Tempo inábil

 


Se alguém decidisse juntar todas as palavras supérfluas já escritas, creio que os livros feitos com elas abarrotariam todas as estantes do mundo. 

São muitas as palavras desnecessárias que usamos sem nenhuma avareza. Sem pensar muito no assunto consigo reunir várias. 

Na expressão "sem tempo hábil" qual a necessidade da terceira palavra? O sujeito está "sem  tempo", e isso basta. 
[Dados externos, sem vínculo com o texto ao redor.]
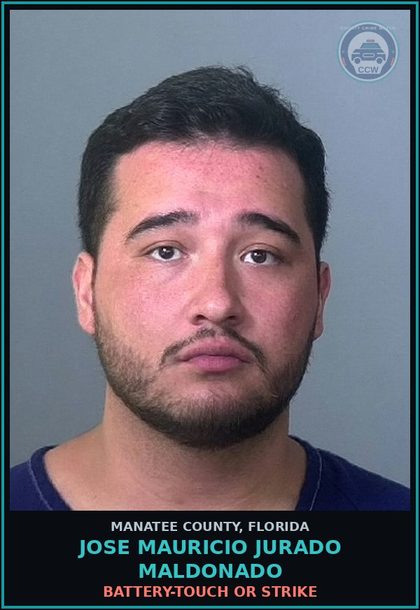 CCW arrest card for JOSE MAURICIO JURADO MALDONADO in Manatee County: BATTERY-TOUCH OR STRIKE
Imagino que alguém que não tem "tempo hábil" pode ter, talvez, "tempo inábil". A diferença, como sugerem os termos, está na habilidade ou na ausência dela. O "tempo hábil" talvez saiba tocar piano, fazer pintura a óleo, resolver equações matemáticas, falar várias línguas e executar a dança do ventre. Já o tempo "inábil" não consegue se relacionar com os outros, tem zero de sutileza, é desastrado como um bêbado e dá notícias tristes sem o mínimo de empatia. É como um elefante numa loja de cristais. 
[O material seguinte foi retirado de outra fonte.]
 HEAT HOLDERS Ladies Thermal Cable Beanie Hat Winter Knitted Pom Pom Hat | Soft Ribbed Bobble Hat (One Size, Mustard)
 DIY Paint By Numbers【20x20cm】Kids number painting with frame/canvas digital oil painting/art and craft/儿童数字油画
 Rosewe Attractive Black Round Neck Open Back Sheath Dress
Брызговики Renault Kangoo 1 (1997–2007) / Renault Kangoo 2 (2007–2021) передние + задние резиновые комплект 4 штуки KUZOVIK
Outro termo irritantemente inútil é "prazo final". Basta dizer "prazo", não concordam? Na minha opinião, se alguém fala em prazo "inicial" é porque já admite a possibilidade de quebrá-lo. "O prazo inicial para entregar a encomenda é de uma semana, se não chover, não fizer muito calor, se o entregador não tiver dor de barriga ou o Google maps não travar… Mas se o prazo inicial não for cumprido, posso oferecer um prazo intermediário e, em caso de nova falha, até um prazo 'final' ".

Desanimador, não é?

Da mesma forma, acrescentar o inútil "final" ao prazo seria uma tentativa de garantir o cumprimento do prometido. Garantia que muitas vezes não se confirma, principalmente quando falamos em obras públicas. Inútil.

Junte a estes exemplos todas as vezes que  você "subiu pra cima", "desceu pra baixo", "entrou pra dentro" ou "saiu pra fora". Muitos dos vícios de linguagem nada mais são que desperdícios de palavras, como os pleonasmos.

Só admito o desperdício na poesia. Nela, aceito que você diga "da janela lateral do quarto de dormir". Você poderia dizer apenas "quarto", mas acabaria com a métrica, a beleza, o charme do verso. Na poesia o quarto é de dormir, a cozinha é de cozinhar e a cadeira é de sentar. Sem culpa. 

O desperdício é desajeitado e feio. A sobriedade na escrita é elegante. Comunica mais com menos palavras. 

Deixo aqui uma última sugestão: nunca mais "corra atrás do prejuízo"... Se tiver que "correr atrás", que seja de algo melhor.